Under Berangere’s instruction I have been taking my daily French lessons on the chance that I might some day go ex-patriot. A late life in the French provinces is appealing, but also life in Paris for an old man might be exciting. So I study my French. Soon after we began these lessons both Jean – who is far ahead of me in this business of learning French – and Berangere encouraged me to post these lessons every day. I am not sure why, but I liked their recognition. They have either given up on that or thought the worse for it and I’ve not heard a thing from either of them about publishing these daily lessons on this blog for some time. Among the handicaps of growing old are losing one’s powers and loneliness. In partial relief from both I’ll now introduce today’s French Lesson in hopes that either Jean or Berangere will bring the matter up again, or that any of you will find it helpful and make some comment that is kind and encouraging. Today’s French Lesson includes some prudent advise for anyone considering the ball and chain. And it is illustrated to make the point better.

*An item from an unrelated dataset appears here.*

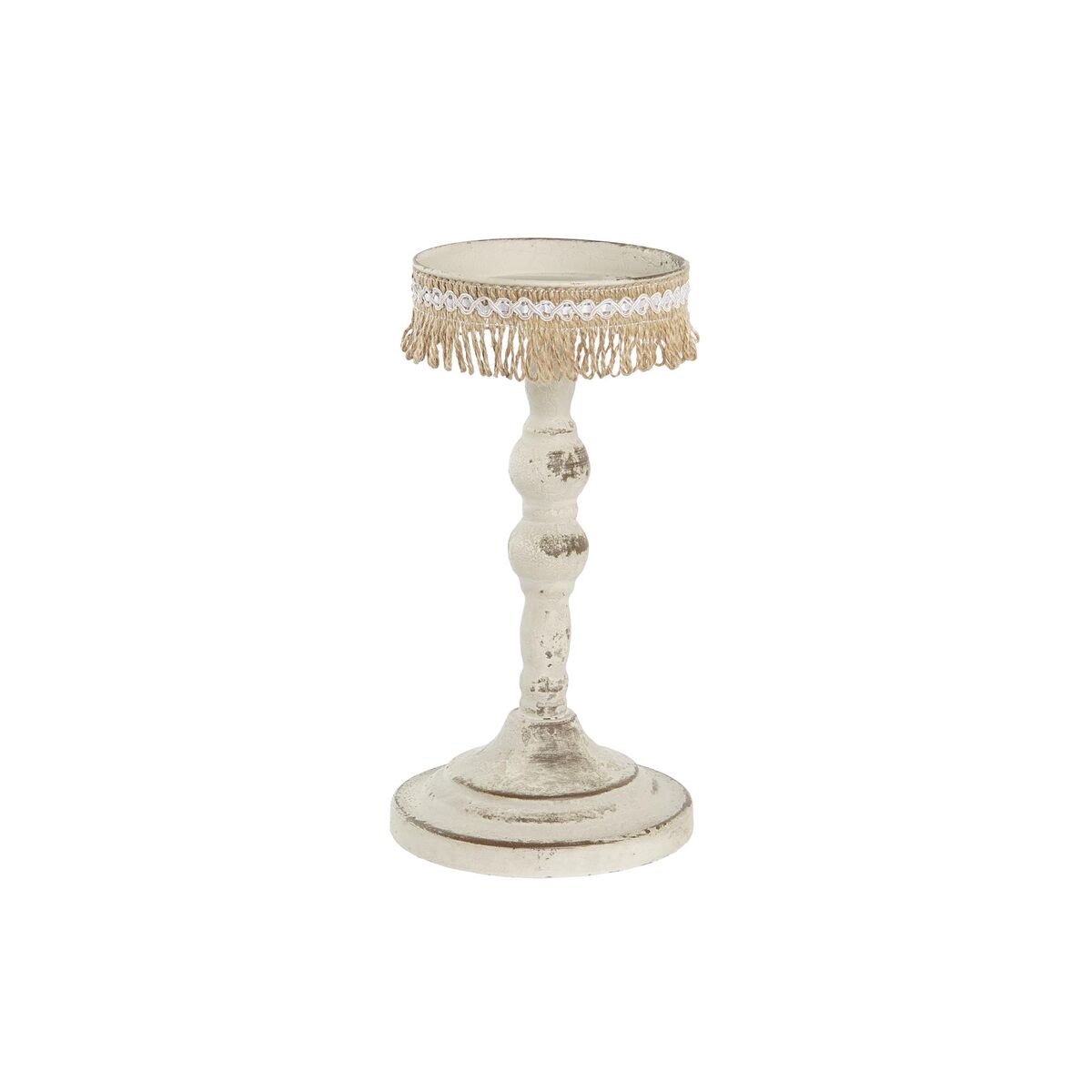 Ljusstakar DKD Home Decor Metall Vit 13 x 13 x 25 cm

FRENCH LESSON for APRIL 13, 2010 (The French lesson is followed by its English translation. The point is, in part, that I get the translation correct. How have I done?)
Le caméraman-councelor: une tradition française. “Le mariage n’est pas quelque chose à prendre à la légère. Pour le moment, de prendre une pause dans la cérémonie. Pensez-y.”
The cameraperson-counselor: a French tradition. “Marriage is not something to enter into lightly. For the moment take a pause in the ceremony. Think about it.”